◆ Supplied information:
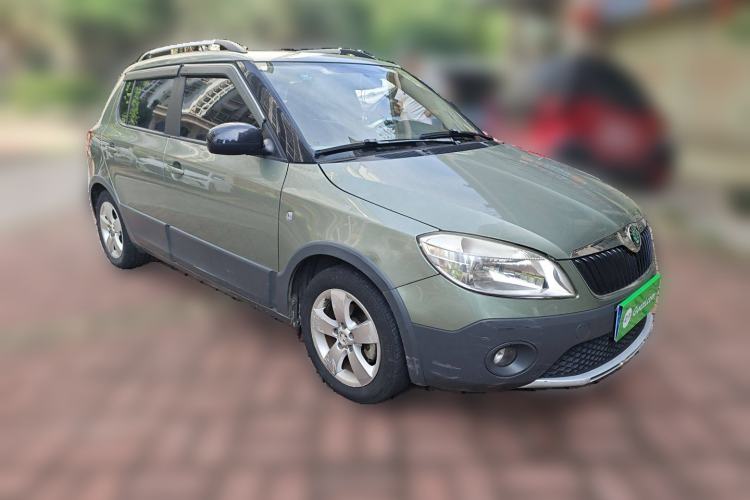 Used Skoda Fabia 2012 1.6L Scout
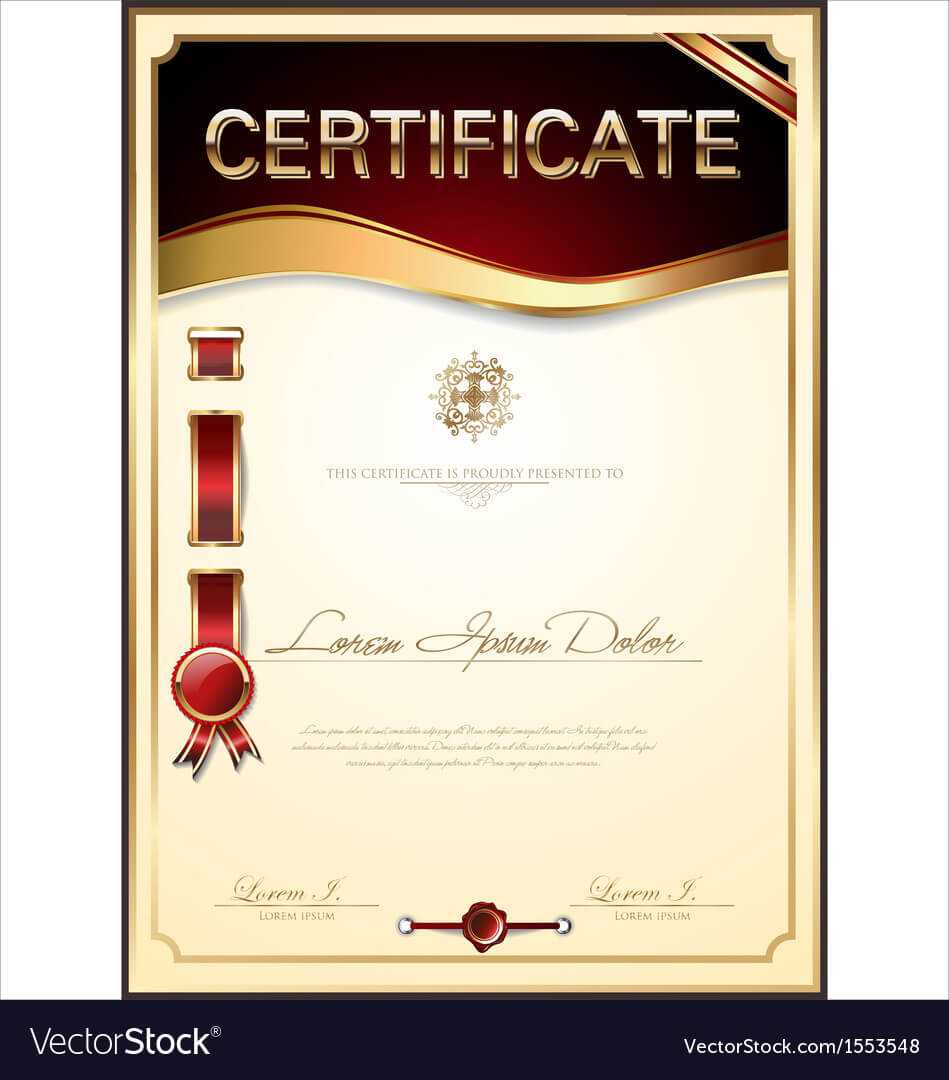 Elegant Certificate Template Within Elegant Certificate Templates Free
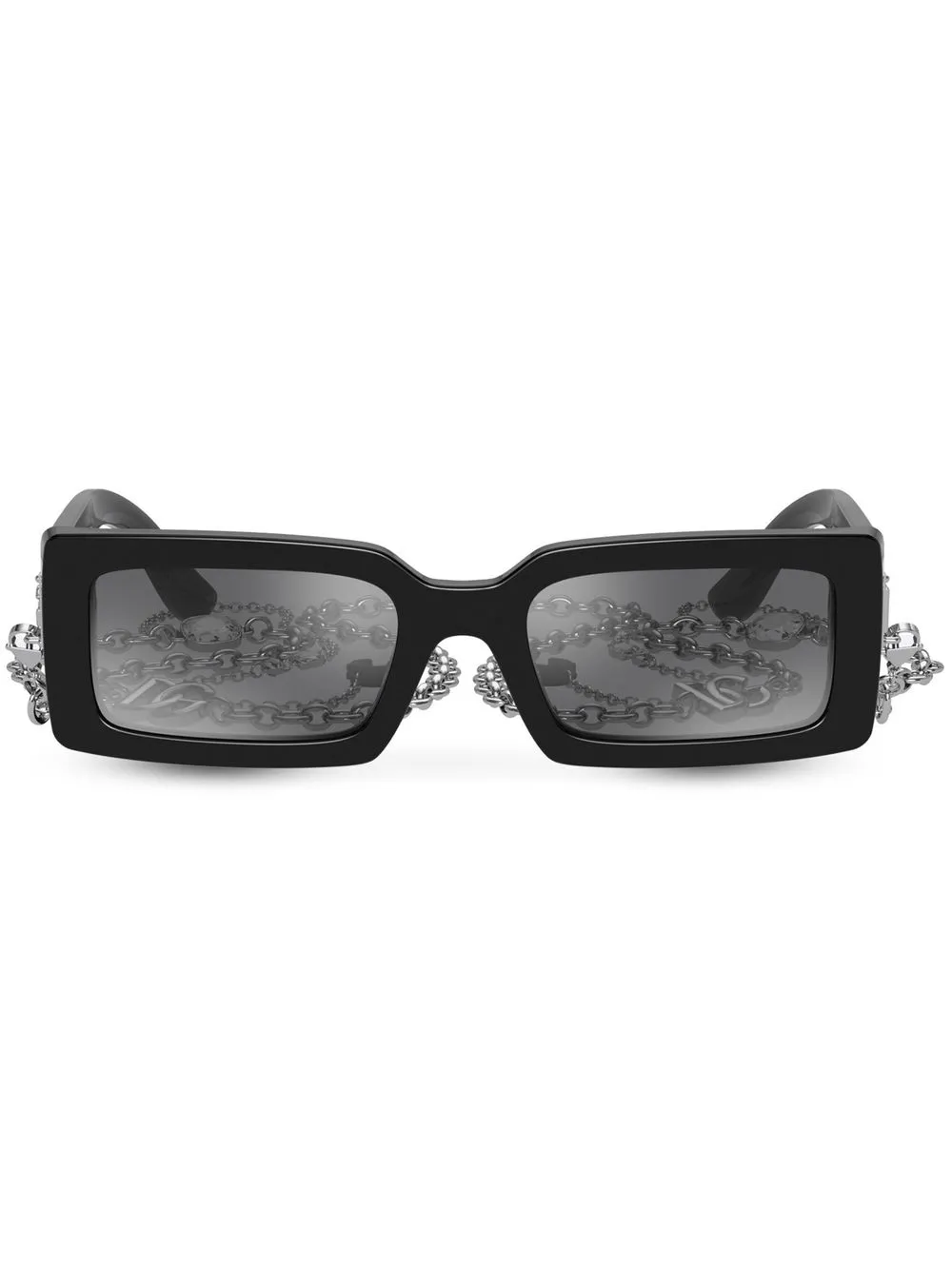 Солнцезащитные очки Zebra в прямоугольной оправе Dolce & Gabbana Eyewear, черный
Солнцезащитные очки Zebra в прямоугольной оправе Dolce & Gabbana Eyewear, черный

◆ Action item: Restate the data word for word while omitting each picture.

◆ Problem solution:
 Used Skoda Fabia 2012 1.6L Scout
 Elegant Certificate Template Within Elegant Certificate Templates Free
 Солнцезащитные очки Zebra в прямоугольной оправе Dolce & Gabbana Eyewear, черный
Солнцезащитные очки Zebra в прямоугольной оправе Dolce & Gabbana Eyewear, черный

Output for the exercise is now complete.